Exercise: Set out the records again, keeping every word as it is.

◇ ◇ ◇ ◇ ◇ ◇ ◇

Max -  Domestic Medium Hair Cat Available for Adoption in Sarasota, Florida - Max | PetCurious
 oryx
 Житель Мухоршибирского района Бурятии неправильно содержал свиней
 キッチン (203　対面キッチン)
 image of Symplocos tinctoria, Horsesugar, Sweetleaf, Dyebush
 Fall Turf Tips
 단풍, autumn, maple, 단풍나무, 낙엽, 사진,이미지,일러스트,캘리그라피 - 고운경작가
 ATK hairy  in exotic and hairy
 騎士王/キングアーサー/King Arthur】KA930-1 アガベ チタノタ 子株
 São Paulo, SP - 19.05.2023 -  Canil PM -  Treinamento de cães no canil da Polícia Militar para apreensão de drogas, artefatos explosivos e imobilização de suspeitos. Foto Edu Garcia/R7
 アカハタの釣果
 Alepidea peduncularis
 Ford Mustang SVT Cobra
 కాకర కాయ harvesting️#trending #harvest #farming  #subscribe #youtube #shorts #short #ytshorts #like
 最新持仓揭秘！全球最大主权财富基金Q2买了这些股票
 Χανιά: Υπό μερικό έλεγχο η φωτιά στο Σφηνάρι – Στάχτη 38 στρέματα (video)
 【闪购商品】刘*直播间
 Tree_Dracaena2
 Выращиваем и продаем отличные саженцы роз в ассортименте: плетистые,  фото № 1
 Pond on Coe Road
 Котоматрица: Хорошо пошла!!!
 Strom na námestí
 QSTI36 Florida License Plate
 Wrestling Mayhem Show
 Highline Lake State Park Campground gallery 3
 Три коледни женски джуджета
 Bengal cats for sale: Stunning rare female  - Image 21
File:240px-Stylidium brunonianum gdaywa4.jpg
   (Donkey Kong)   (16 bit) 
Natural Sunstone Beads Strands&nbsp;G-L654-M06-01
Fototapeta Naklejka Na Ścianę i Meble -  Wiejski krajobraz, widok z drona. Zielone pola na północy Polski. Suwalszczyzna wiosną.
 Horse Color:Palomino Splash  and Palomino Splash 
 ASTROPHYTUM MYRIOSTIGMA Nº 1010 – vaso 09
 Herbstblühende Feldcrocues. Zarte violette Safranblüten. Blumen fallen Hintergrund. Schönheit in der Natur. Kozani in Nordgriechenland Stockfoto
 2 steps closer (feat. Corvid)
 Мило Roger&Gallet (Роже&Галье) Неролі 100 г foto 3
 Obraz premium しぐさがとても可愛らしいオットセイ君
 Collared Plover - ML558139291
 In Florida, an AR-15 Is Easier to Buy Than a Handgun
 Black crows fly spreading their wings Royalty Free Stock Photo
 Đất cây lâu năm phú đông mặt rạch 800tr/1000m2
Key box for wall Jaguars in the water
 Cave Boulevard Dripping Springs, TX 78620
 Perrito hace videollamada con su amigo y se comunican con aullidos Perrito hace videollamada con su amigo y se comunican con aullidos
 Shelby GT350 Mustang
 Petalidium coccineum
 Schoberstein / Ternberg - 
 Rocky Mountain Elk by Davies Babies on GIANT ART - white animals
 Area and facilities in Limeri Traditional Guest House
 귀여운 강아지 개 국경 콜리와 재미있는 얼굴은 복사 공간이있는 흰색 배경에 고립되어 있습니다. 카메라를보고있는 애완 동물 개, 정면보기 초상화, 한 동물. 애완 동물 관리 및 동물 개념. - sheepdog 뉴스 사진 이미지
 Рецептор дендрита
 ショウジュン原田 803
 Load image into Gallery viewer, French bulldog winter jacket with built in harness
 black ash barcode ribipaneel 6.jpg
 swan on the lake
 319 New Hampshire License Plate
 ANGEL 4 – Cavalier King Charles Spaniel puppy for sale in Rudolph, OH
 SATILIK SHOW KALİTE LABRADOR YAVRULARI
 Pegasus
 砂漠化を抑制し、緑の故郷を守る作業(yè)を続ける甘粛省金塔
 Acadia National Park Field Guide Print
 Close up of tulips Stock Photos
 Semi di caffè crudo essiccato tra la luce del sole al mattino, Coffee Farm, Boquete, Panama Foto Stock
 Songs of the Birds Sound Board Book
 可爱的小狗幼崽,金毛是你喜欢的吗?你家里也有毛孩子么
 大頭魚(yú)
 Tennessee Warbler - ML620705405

◇ ◇ ◇ ◇ ◇ ◇ ◇

Written answer:
Max -  Domestic Medium Hair Cat Available for Adoption in Sarasota, Florida - Max | PetCurious
 oryx
 Житель Мухоршибирского района Бурятии неправильно содержал свиней
 キッチン (203　対面キッチン)
 image of Symplocos tinctoria, Horsesugar, Sweetleaf, Dyebush
 Fall Turf Tips
 단풍, autumn, maple, 단풍나무, 낙엽, 사진,이미지,일러스트,캘리그라피 - 고운경작가
 ATK hairy  in exotic and hairy
 騎士王/キングアーサー/King Arthur】KA930-1 アガベ チタノタ 子株
 São Paulo, SP - 19.05.2023 -  Canil PM -  Treinamento de cães no canil da Polícia Militar para apreensão de drogas, artefatos explosivos e imobilização de suspeitos. Foto Edu Garcia/R7
 アカハタの釣果
 Alepidea peduncularis
 Ford Mustang SVT Cobra
 కాకర కాయ harvesting️#trending #harvest #farming  #subscribe #youtube #shorts #short #ytshorts #like
 最新持仓揭秘！全球最大主权财富基金Q2买了这些股票
 Χανιά: Υπό μερικό έλεγχο η φωτιά στο Σφηνάρι – Στάχτη 38 στρέματα (video)
 【闪购商品】刘*直播间
 Tree_Dracaena2
 Выращиваем и продаем отличные саженцы роз в ассортименте: плетистые,  фото № 1
 Pond on Coe Road
 Котоматрица: Хорошо пошла!!!
 Strom na námestí
 QSTI36 Florida License Plate
 Wrestling Mayhem Show
 Highline Lake State Park Campground gallery 3
 Три коледни женски джуджета
 Bengal cats for sale: Stunning rare female  - Image 21
File:240px-Stylidium brunonianum gdaywa4.jpg
   (Donkey Kong)   (16 bit) 
Natural Sunstone Beads Strands&nbsp;G-L654-M06-01
Fototapeta Naklejka Na Ścianę i Meble -  Wiejski krajobraz, widok z drona. Zielone pola na północy Polski. Suwalszczyzna wiosną.
 Horse Color:Palomino Splash  and Palomino Splash 
 ASTROPHYTUM MYRIOSTIGMA Nº 1010 – vaso 09
 Herbstblühende Feldcrocues. Zarte violette Safranblüten. Blumen fallen Hintergrund. Schönheit in der Natur. Kozani in Nordgriechenland Stockfoto
 2 steps closer (feat. Corvid)
 Мило Roger&Gallet (Роже&Галье) Неролі 100 г foto 3
 Obraz premium しぐさがとても可愛らしいオットセイ君
 Collared Plover - ML558139291
 In Florida, an AR-15 Is Easier to Buy Than a Handgun
 Black crows fly spreading their wings Royalty Free Stock Photo
 Đất cây lâu năm phú đông mặt rạch 800tr/1000m2
Key box for wall Jaguars in the water
 Cave Boulevard Dripping Springs, TX 78620
 Perrito hace videollamada con su amigo y se comunican con aullidos Perrito hace videollamada con su amigo y se comunican con aullidos
 Shelby GT350 Mustang
 Petalidium coccineum
 Schoberstein / Ternberg - 
 Rocky Mountain Elk by Davies Babies on GIANT ART - white animals
 Area and facilities in Limeri Traditional Guest House
 귀여운 강아지 개 국경 콜리와 재미있는 얼굴은 복사 공간이있는 흰색 배경에 고립되어 있습니다. 카메라를보고있는 애완 동물 개, 정면보기 초상화, 한 동물. 애완 동물 관리 및 동물 개념. - sheepdog 뉴스 사진 이미지
 Рецептор дендрита
 ショウジュン原田 803
 Load image into Gallery viewer, French bulldog winter jacket with built in harness
 black ash barcode ribipaneel 6.jpg
 swan on the lake
 319 New Hampshire License Plate
 ANGEL 4 – Cavalier King Charles Spaniel puppy for sale in Rudolph, OH
 SATILIK SHOW KALİTE LABRADOR YAVRULARI
 Pegasus
 砂漠化を抑制し、緑の故郷を守る作業(yè)を続ける甘粛省金塔
 Acadia National Park Field Guide Print
 Close up of tulips Stock Photos
 Semi di caffè crudo essiccato tra la luce del sole al mattino, Coffee Farm, Boquete, Panama Foto Stock
 Songs of the Birds Sound Board Book
 可爱的小狗幼崽,金毛是你喜欢的吗?你家里也有毛孩子么
 大頭魚(yú)
 Tennessee Warbler - ML620705405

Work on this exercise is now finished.